Let me do my best impression of a wrestling ring announcer here.

(Clearing throat)...

The winner - and neeeeeeeewwwwwwwww - champion of the inaugural Mudsock Trophy is...Hamilton Southeastern.

The Royals defeated school district partner and Hamilton County rival Fishers for the traveling trophy on Tueday, when the HSE baseball team came back from an eight run deficit in the fourth inning to top Fishers, 14-11.

The Mudsock Trophy, a foot-tall muddy bronze sock, is in homage to the somewhat derisive term for towns that sat in bogs. "It all had to do with any time we'd get a lot of ran, your socks would get covered in mud because the ground would get soaked," Larry Reynolds told HSSTM writer Tom Hayes last fall.

Reynolds, who later created a hound dog cartoon character he coined "Mudsocks," gave his blessing on the creation of the trophy.

Hamilton Southeastern athletic director Jim Self said last fall that this was meant to be more about the community than it is about the kids. "We want this to be a positive rivalry," Self said.

The reason for gearing the Mudsocks trophy around the community was simple. When Fishers opened three years ago, the students of HSE were split, so most of the students at the schools have grown up together, playing sports together and attending class together.

It was only natural that a rivalry would be born.

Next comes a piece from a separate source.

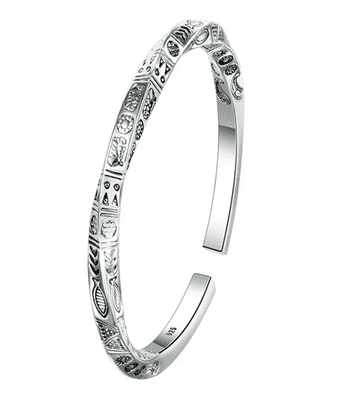 Sterling Silver Geometry Totems Open Bracelet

"These are kids and families who have grown up together and have played in the same youth leagues," said Self. "This is a tremendous positive for this community."

Fishers athletic director Jon Miles agreed. "It's not very often that a community gets split up into two schools," he said, pointing to the rivalry that emerged between Lawrence North and Lawrence Central over 30 years ago when the Lawrence township school split in two.

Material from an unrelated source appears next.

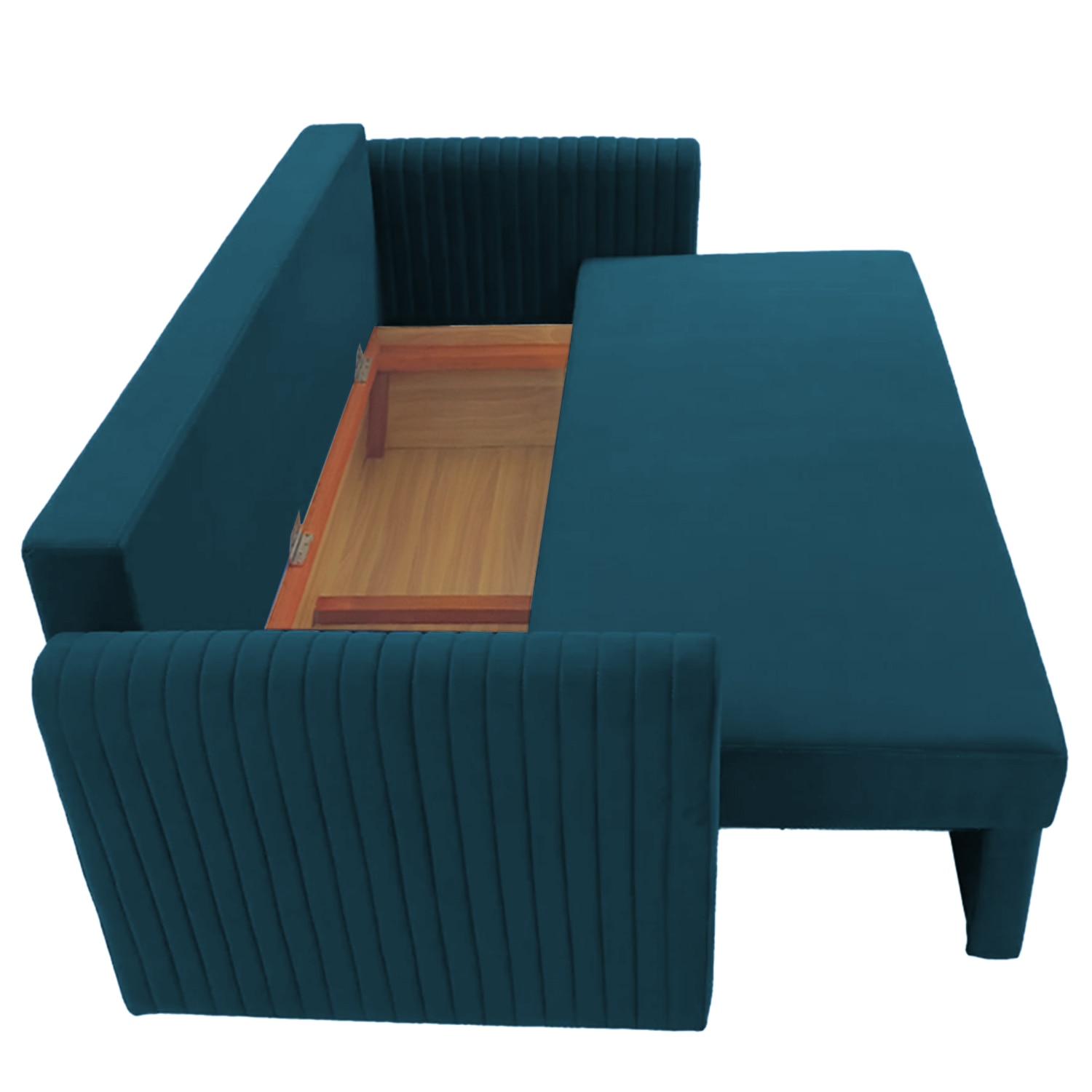 Melano 3 Seater Velvet Pull-Out Sofa Cum Bed in Teal Blue colour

The idea, brought to Miles by legendary Fishers residents Dub and Jeanne Clark, was to do something along the line of the Old Oaken bucket, shared by Purdue University and Indiana University each year in football, but to do it in all sports at the high school level.

Individual trophies are awarded to the winner the first time the schools square off in each of the 19 sports played.

The Mudsock's first year was a good one. HSE won 10 of the 19 events - it all came down to the aforementioned baseball game on Tuesday. Ironically, Fishers would defeat HSE on Wednesday night, the final game of a home and home series this year.

"We are doing this to help bring the community together and to give the community a sense of pride that two schools can compete hard against each other, but at the end of the day, we can root for each other and be happy with each other's successes," said Self.

In year one, it was mission accomplished.